What the exercise asks
Once you find the line containing "Nader Al Sharari" in the data below, copy it and each following line exactly, up to and including the line containing "Renault RS III.jpg", and nothing else.

Data records
##########

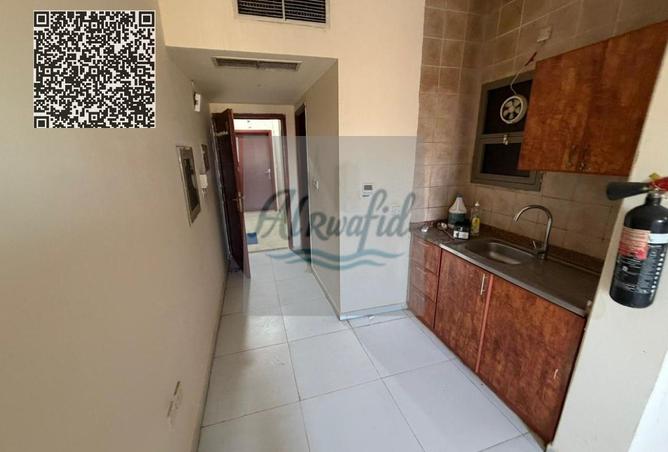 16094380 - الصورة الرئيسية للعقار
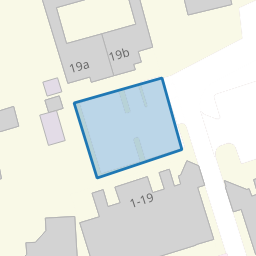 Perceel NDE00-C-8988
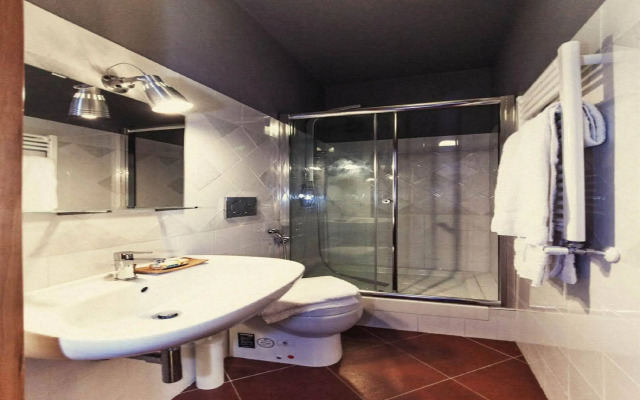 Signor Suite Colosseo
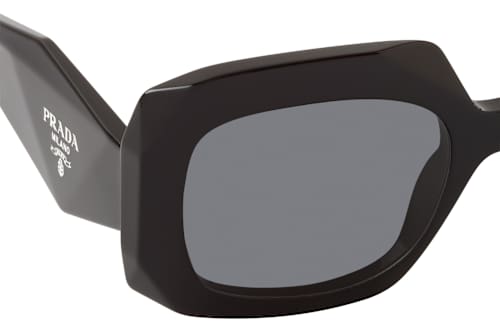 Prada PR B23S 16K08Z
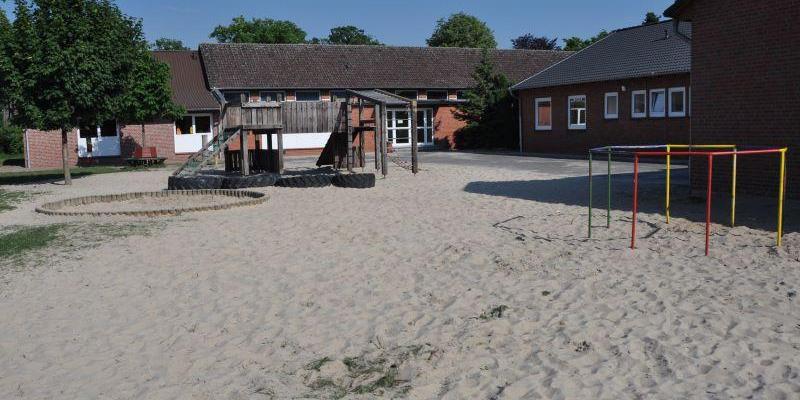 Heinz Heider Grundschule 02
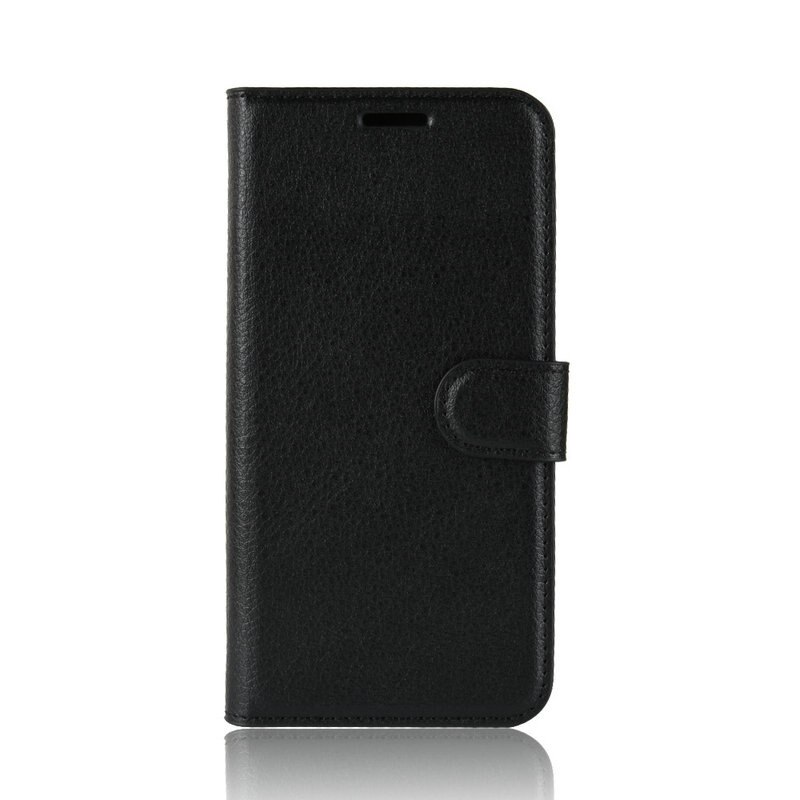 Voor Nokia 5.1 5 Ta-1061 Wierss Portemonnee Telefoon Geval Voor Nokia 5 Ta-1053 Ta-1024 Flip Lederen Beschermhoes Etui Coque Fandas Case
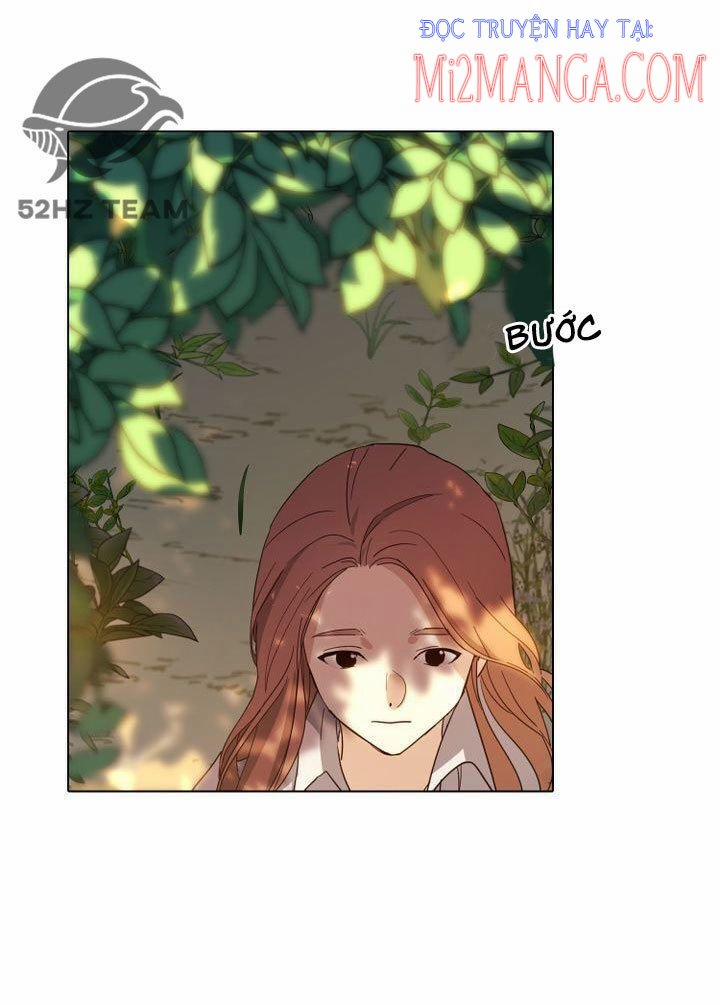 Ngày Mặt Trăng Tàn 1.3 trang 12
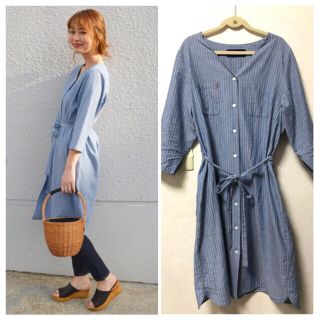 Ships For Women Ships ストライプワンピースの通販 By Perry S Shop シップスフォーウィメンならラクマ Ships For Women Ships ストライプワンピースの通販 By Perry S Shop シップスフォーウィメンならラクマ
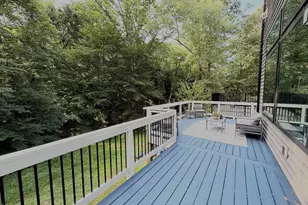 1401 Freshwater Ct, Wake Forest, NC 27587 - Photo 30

##########

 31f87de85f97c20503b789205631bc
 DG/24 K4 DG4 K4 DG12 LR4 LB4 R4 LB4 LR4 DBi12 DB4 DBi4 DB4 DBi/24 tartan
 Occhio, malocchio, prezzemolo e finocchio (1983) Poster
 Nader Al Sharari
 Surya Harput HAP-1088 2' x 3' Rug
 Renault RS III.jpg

##########

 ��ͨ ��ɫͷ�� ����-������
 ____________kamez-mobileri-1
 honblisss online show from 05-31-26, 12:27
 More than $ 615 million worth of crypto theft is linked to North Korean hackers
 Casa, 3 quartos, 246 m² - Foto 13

##########

Reply to the exercise
 Nader Al Sharari
 Surya Harput HAP-1088 2' x 3' Rug
 Renault RS III.jpg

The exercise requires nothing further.